Scraped caption text data
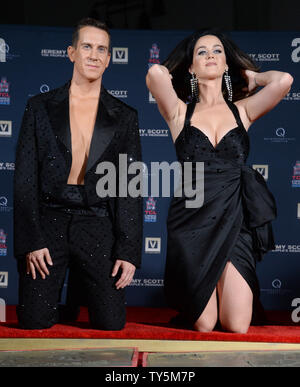 Designer Jeremy Scott and singer Katy Perry participate in a handprint ceremony at TCL Chinese Theatre in Los Angeles on September 8, 2015.  Photo by Jim Ruymen/UPI Stock Photo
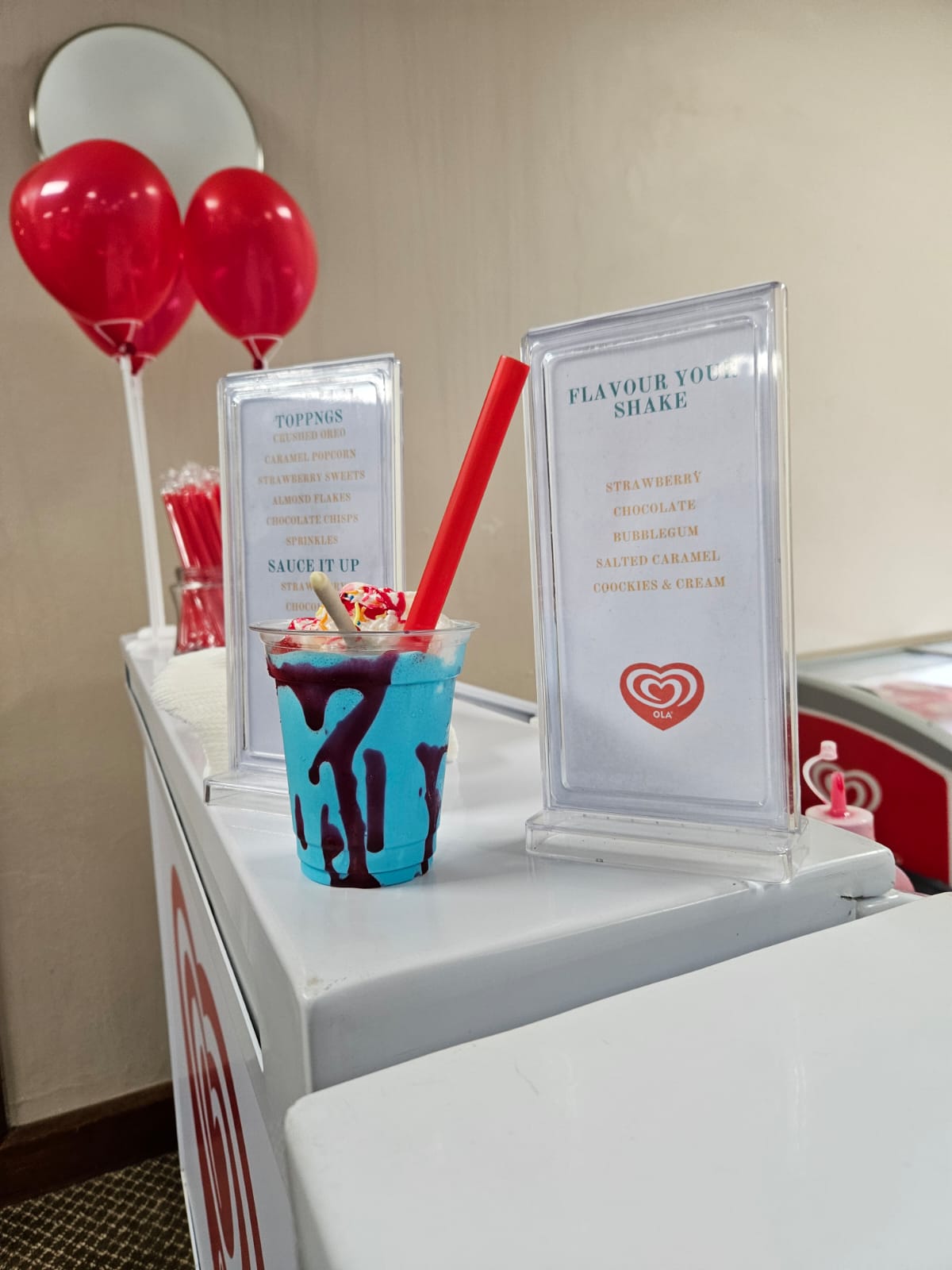 Ice cream shake with syrup and toppings on a counter
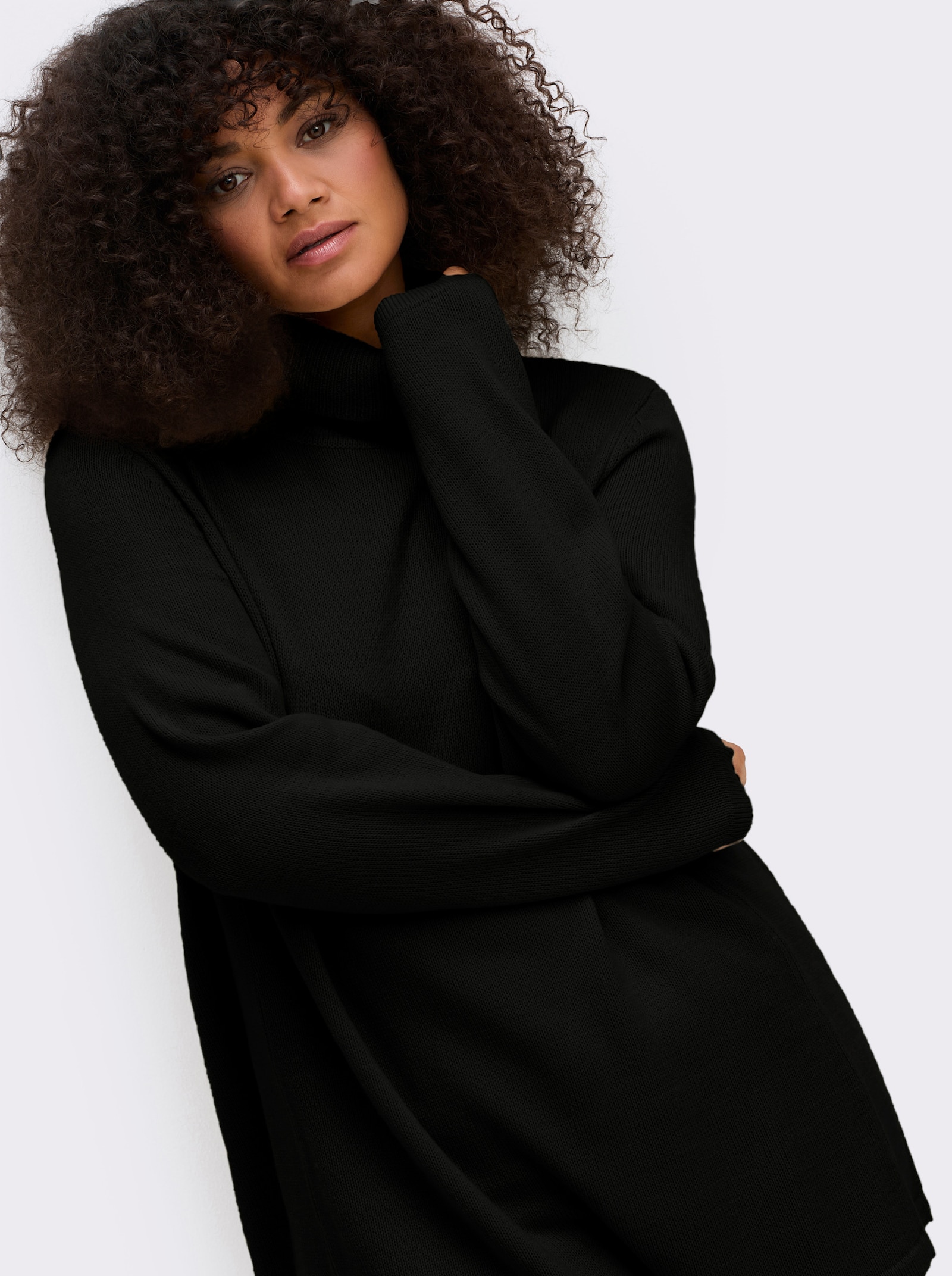 sheego Rollkragenpullover in A-Linie - schwarz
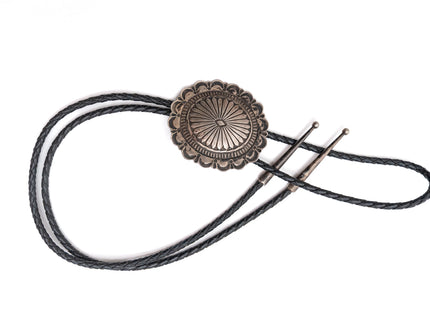 Vintage Navajo silver bolo tie with black braided cord on a white background
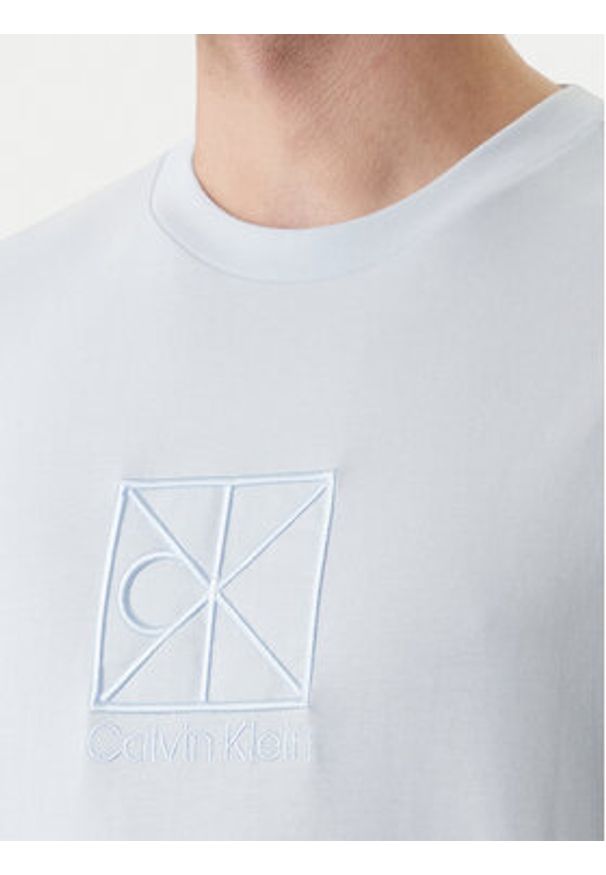 Calvin Klein T-Shirt Emblem Graphic LV14RF817G Błękitny Regular Fit. Kolor: niebieski. Materiał: bawełna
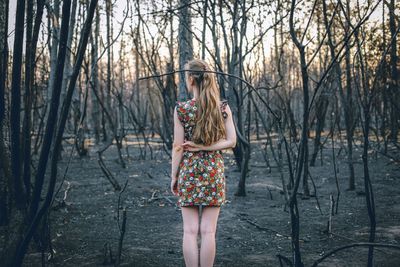 Portrait of young woman standing in forest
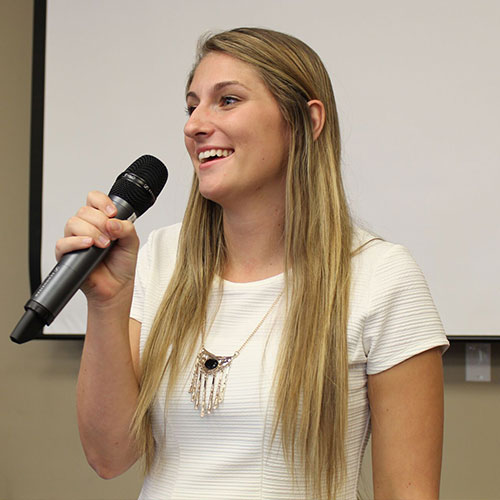Taylor Kelso speaking into a microphone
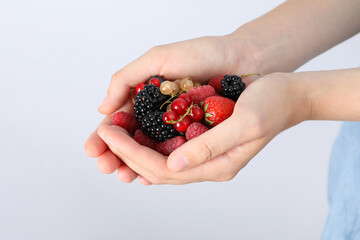 Ripe berries, in hands, close-up, on a light background.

Your assignment: Please output exactly the lines of the data above, from its first line through the line with "Calvin Klein T-Shirt", and nothing else; drop the pictures.

Solved problem:
 Designer Jeremy Scott and singer Katy Perry participate in a handprint ceremony at TCL Chinese Theatre in Los Angeles on September 8, 2015.  Photo by Jim Ruymen/UPI Stock Photo
 Ice cream shake with syrup and toppings on a counter
 sheego Rollkragenpullover in A-Linie - schwarz
 Vintage Navajo silver bolo tie with black braided cord on a white background
 Calvin Klein T-Shirt Emblem Graphic LV14RF817G Błękitny Regular Fit. Kolor: niebieski. Materiał: bawełna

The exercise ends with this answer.